The machine gun and the incoming tide gave Sgt. Gene Elder "a certain urgency" to get off the beach and up the cliff. He and his squad freeclimbed, as they were unable to touch the cliff. When they reached the top, "I told them, 'Boys, keep your heads down, because headquarters has fouled up again and has issued the enemy live ammunition.'"

Other rangers had trouble getting up the cliff. "I went up about, I don't know, forty, fifty feet," Pvt. Sigurd Sundby remembered. "The rope was wet and kind of muddy. My hands just couldn't hold, they were like grease, and I came sliding back down. As I was going down, I wrapped my foot around the rope and slowed myself up as much as I could, but still I burned my hands. If the rope hadn't been so wet, I wouldn't have been able to hang on for the burning.
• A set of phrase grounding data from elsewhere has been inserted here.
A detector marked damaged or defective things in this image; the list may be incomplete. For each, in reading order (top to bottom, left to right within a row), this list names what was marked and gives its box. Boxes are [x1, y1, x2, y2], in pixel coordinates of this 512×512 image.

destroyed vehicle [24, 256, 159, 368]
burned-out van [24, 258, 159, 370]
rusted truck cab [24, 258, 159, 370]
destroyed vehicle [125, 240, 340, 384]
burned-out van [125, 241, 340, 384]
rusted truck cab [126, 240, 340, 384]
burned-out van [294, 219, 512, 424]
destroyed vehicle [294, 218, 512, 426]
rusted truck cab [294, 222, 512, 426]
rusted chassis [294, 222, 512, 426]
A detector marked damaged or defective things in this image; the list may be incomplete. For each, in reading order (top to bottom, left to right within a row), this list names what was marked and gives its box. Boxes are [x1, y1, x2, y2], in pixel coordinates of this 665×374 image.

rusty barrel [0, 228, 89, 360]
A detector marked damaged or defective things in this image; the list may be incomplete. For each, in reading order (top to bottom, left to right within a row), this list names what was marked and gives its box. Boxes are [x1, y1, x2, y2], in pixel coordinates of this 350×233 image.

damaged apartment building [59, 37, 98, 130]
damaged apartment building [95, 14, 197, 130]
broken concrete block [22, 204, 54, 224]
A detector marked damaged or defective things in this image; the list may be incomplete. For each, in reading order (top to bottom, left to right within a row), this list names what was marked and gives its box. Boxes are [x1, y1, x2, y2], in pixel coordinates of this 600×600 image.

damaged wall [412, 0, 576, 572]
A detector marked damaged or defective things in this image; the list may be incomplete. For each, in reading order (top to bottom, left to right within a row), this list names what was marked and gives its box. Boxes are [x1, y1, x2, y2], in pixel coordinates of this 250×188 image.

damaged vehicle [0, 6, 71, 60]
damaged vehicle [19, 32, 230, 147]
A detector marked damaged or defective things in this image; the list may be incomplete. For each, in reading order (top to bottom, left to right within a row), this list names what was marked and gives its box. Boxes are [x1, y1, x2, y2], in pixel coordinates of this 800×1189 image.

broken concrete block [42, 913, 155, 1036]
"I landed right beside [Lt. Tod] Sweeney there, and he says, 'What's the matter, Sundby, chicken? Let me -- I'll show you how to climb.' So he went up first and I was right up after him, and when I got to the top, Sweeney says, 'Hey, Sundby, don't forget to zigzag.'"
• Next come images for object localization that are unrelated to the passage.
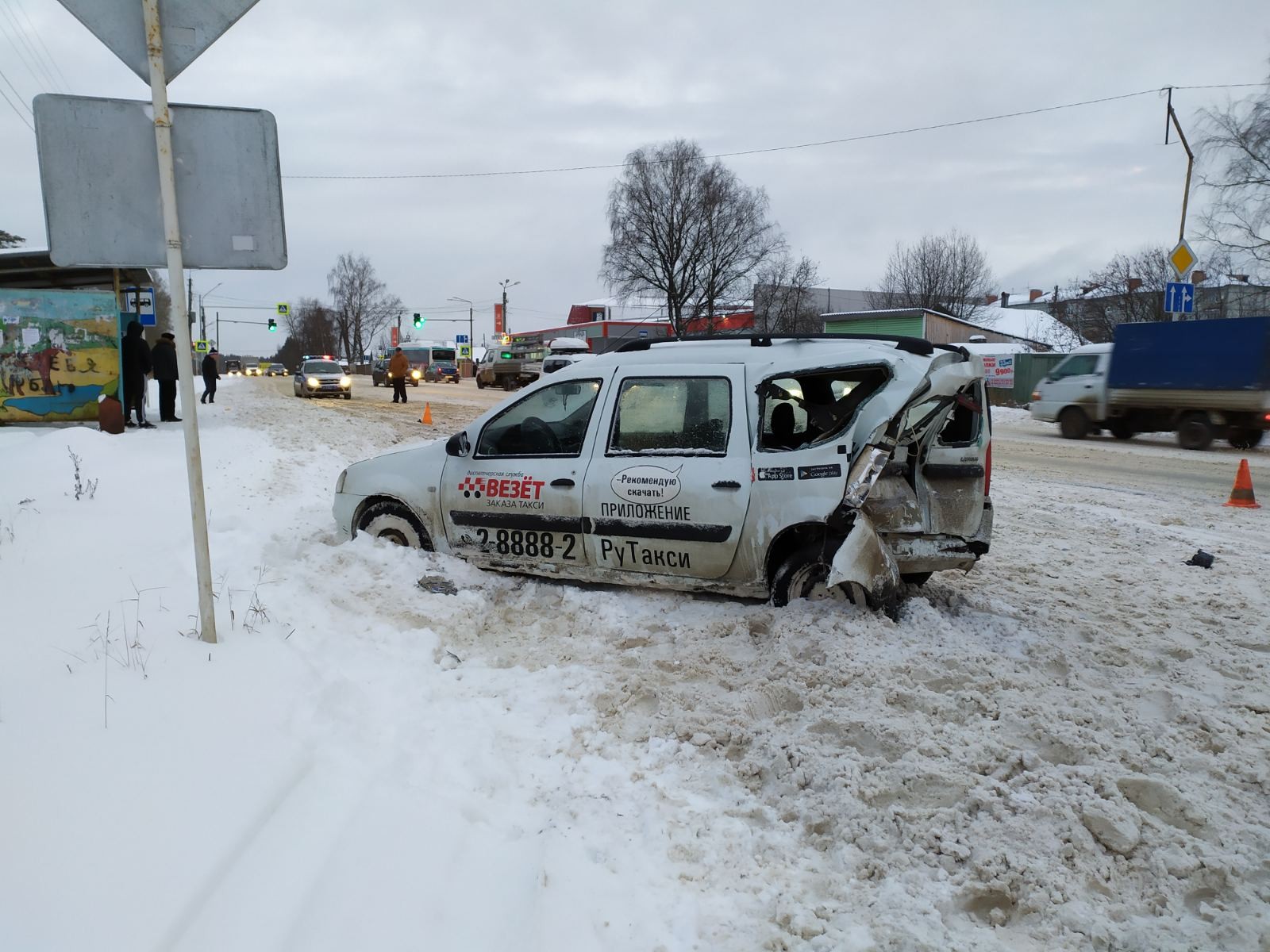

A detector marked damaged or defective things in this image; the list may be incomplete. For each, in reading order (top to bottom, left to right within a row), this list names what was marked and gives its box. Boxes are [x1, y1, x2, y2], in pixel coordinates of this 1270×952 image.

white damaged taxi car [335, 335, 991, 604]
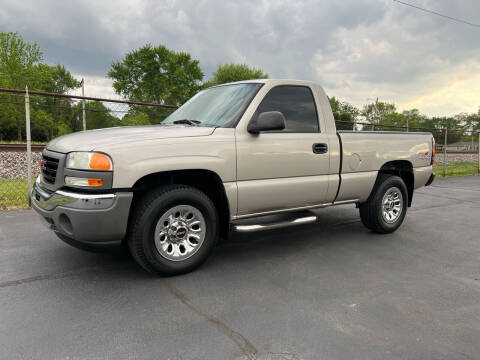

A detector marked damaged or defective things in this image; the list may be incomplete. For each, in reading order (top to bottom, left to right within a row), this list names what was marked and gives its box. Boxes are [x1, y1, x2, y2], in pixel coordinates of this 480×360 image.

pavement crack [163, 278, 258, 360]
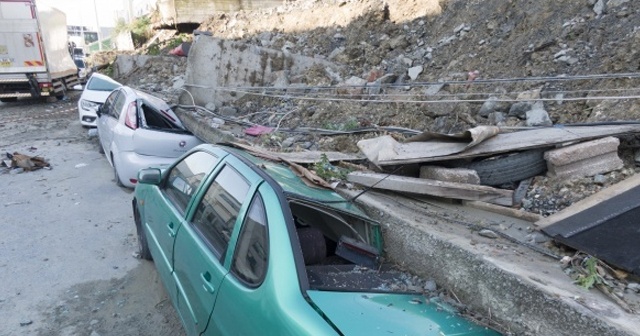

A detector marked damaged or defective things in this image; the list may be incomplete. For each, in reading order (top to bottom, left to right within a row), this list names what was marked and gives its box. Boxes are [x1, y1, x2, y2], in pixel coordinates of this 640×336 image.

broken concrete [420, 165, 480, 184]
broken concrete [544, 136, 624, 180]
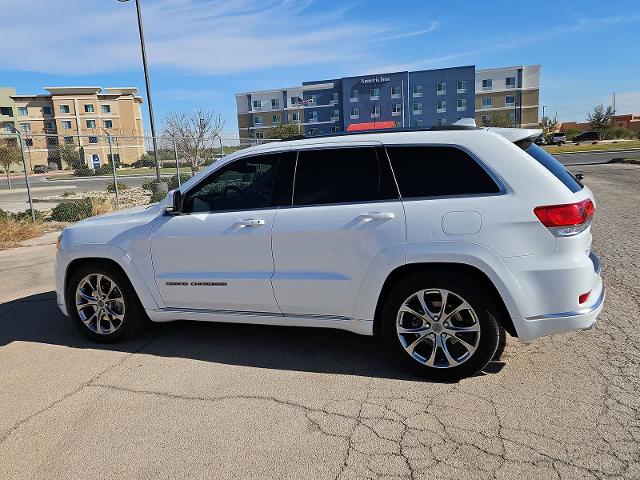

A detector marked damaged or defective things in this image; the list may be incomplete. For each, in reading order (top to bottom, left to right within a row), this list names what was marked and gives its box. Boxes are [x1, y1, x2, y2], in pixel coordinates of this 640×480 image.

cracked asphalt [0, 163, 636, 478]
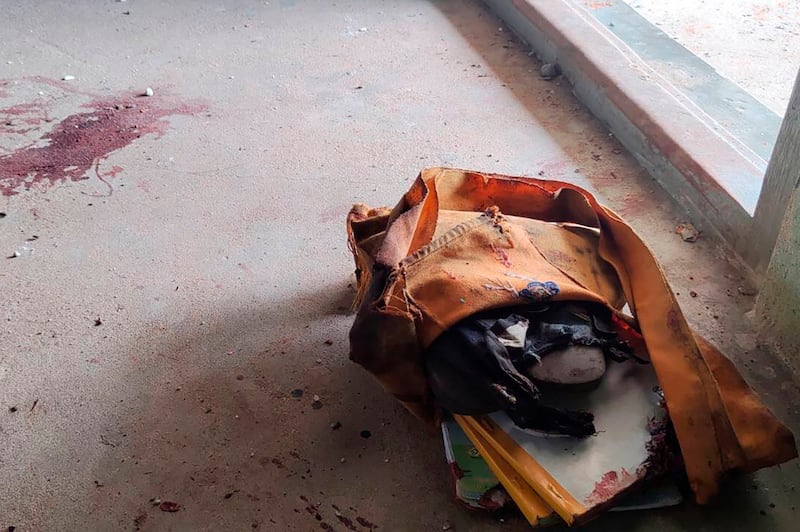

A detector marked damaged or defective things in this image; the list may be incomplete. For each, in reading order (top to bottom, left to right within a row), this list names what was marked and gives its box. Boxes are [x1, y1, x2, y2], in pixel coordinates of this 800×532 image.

damaged school bag [346, 168, 796, 504]
burnt fabric [350, 166, 800, 502]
Sgt. Willian "L-Rod" Petty, who had the reputation of being one of the toughest of the rangers, a man short on temper and long on aggressiveness, also had trouble with a wet and muddy rope. As he slipped to the bottom, Capt. Walter Block, the medical officer, said to Petty, "Soldier, get up that rope to the top of the cliff." Petty turned to Block, stared him square in the face, and said, "I've been trying to get up this goddamned rope for five minutes and if you think you can do any better you can f--ing well do it yourself." Block turned away, trying to control his own temper.